So — first point — reasonableness seems to be required for moral agency — and reasonableness seems to require (1) knowledge, (2) free will, and (3) the capacity for balancing reasons against one another.

Second point — is reasonableness required to be a moral patient — something worthy of moral concern or respect?

On one popular view, reasonableness is required for moral respect.

If a creature is reasonable, it has self-chosen ends toward which it acts — ends that it has autonomously chosen for itself (unlike the dog and its desire to eat).

It is Kant’s view that none of us — as autonomous choosers of our own ends — should interfere with the autonomous choices of others.

Golden rule: if you don’t want to be blocked from the autonomous pursuit of your ends, you should not block other autonomous creatures from pursuing their ends.

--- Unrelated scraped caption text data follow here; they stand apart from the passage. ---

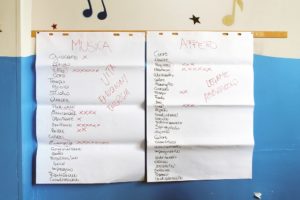Musica e affetto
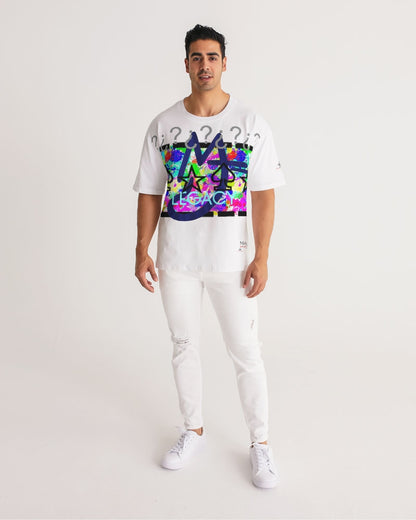 Low tide by Marvin Jeans and Trinity D Marvin Men's Premium Heavyweight Tee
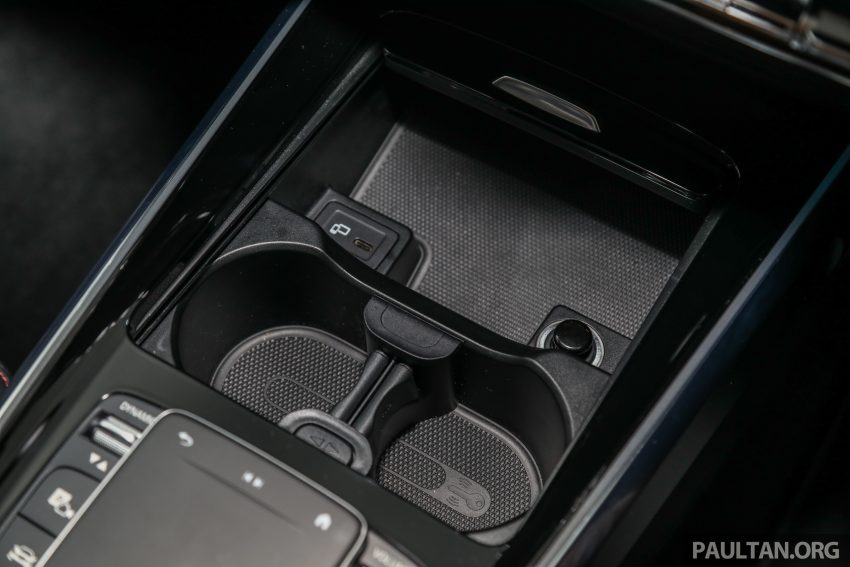 图集：Mercedes-AMG GLB 35 4Matic 实拍，售RM363k 143593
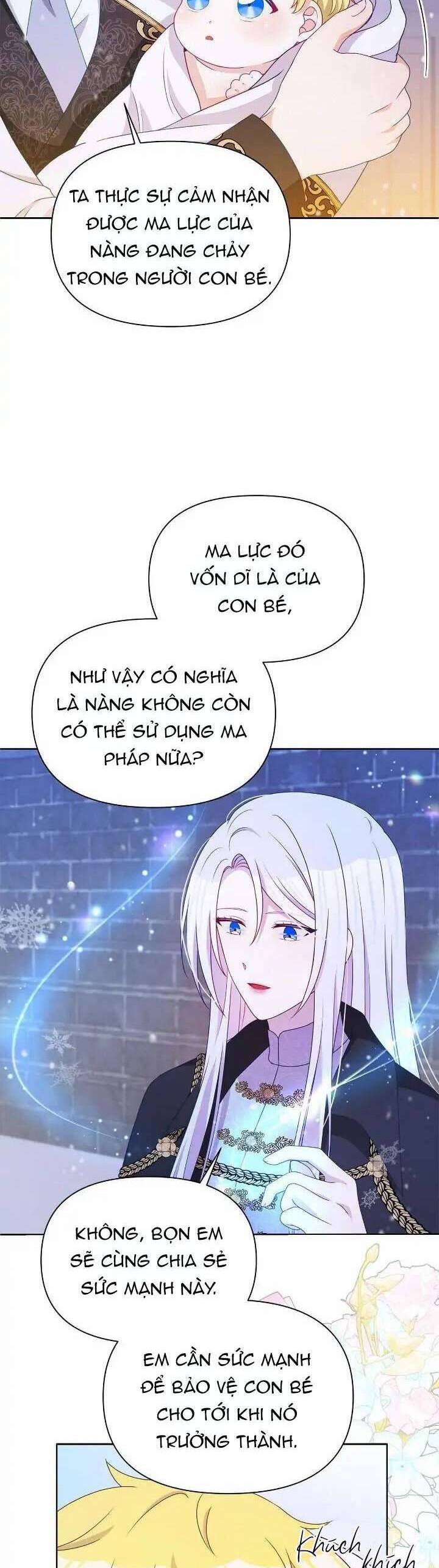 Người Bảo Hộ Của Bạo Quân Là Ma Nữ Tàn Độc Chap 110 - Next Chap 111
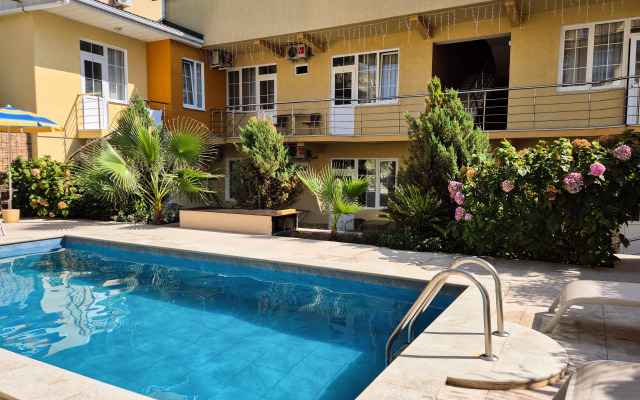 Planeta MOV Apart Hotel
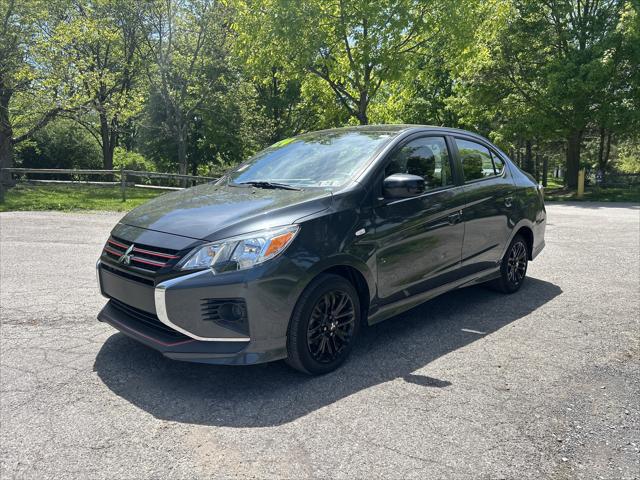 2024 Mitsubishi Mirage G4 Unknown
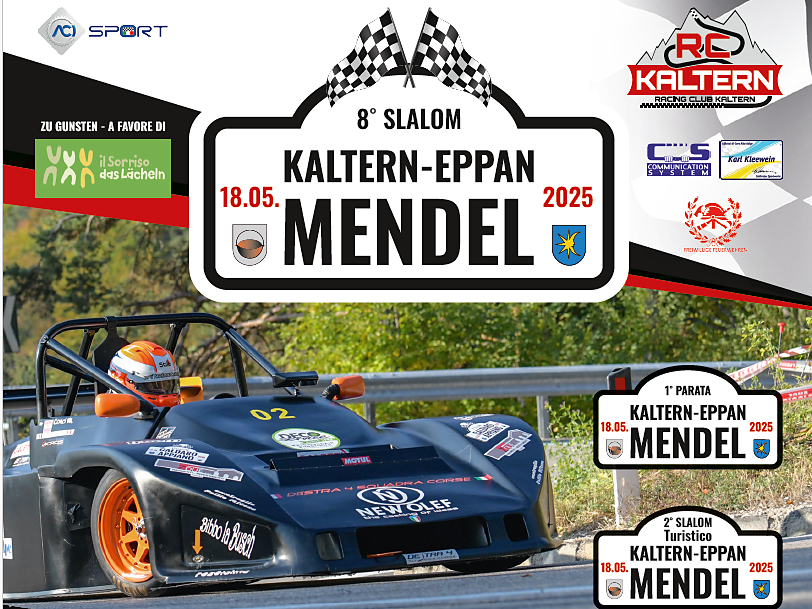 8. Mendelslalom - Racingclub Kaltern Kaltern an der Weinstraße 1 suedtirol.info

The underlying idea is fairness — what’s fair for me is fair for you — and the deeper idea that it matters to an autonomous creature that it’s autonomous choices are blocked.

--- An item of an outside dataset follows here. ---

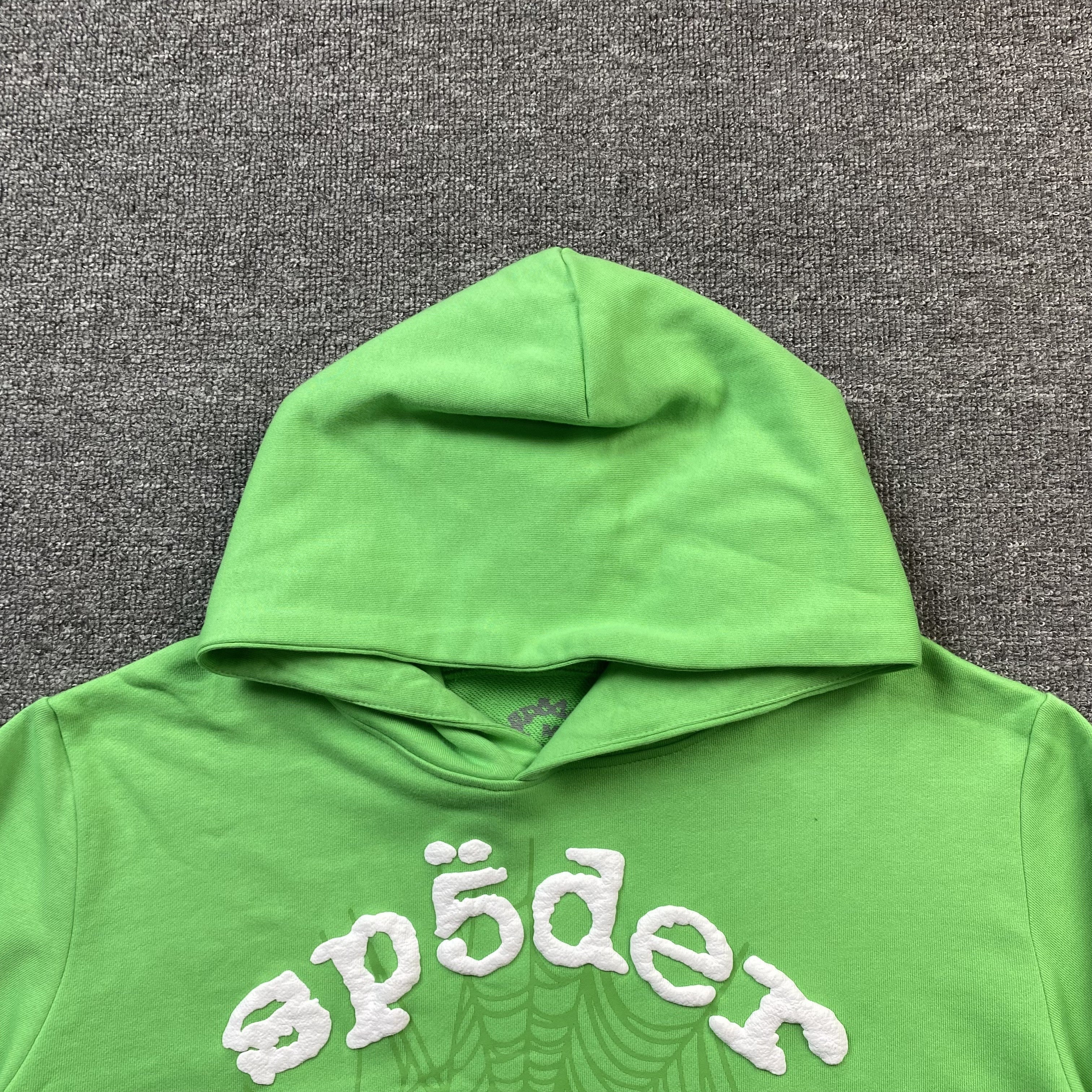 SP5DER Mixed Tracksuits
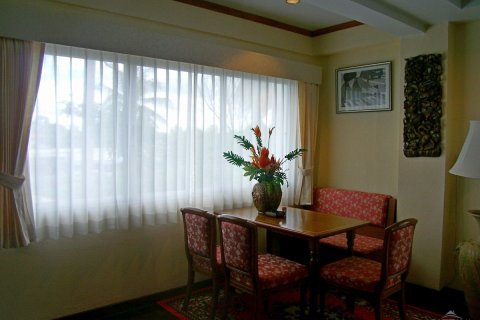 Condominio de 1 dormitorio en Jomtien Beach, Pattaya, Tailandia № 242586 - foto 3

This idea, of “mattering to,” is key to the question of who or what demands moral respect — if what happens to you doesn’t matter to you, you are not worthy of moral respect.

Consider a lawn mower left out in the rain.  Rust is bad for the lawn mower.  But it is not morally bad, since it doesn’t matter to the lawn mower that it is rusty.

But there are different ways of understanding “mattering to.”

One way to understand it is in terms of the capacity to autonomously choose one’s own ends.  (What we’ve just done.)

But another question we might raise about a creature or a thing: can it suffer?

Babies can’t reason, neither can dogs or horses.  But we can ask: do they suffer?

To experience suffering ourselves is to know that it is inherently bad.  What makes my suffering bad is not that it is mine, but that it is suffering.

If my suffering is bad, because it is suffering, than fairness demands that I regard your suffering as bad, again, because it is suffering, where suffering is bad simply because of the kind of thing that it is.

So a second way to understand the golden rule:

If you don’t want suffering visited upon you, you should not visit it upon others  — those others who are capable of suffering.

So what does it require, to be capable of suffering?

Again, my lawn mower fails the test — it gets rusty in the rain, but it doesn’t suffer.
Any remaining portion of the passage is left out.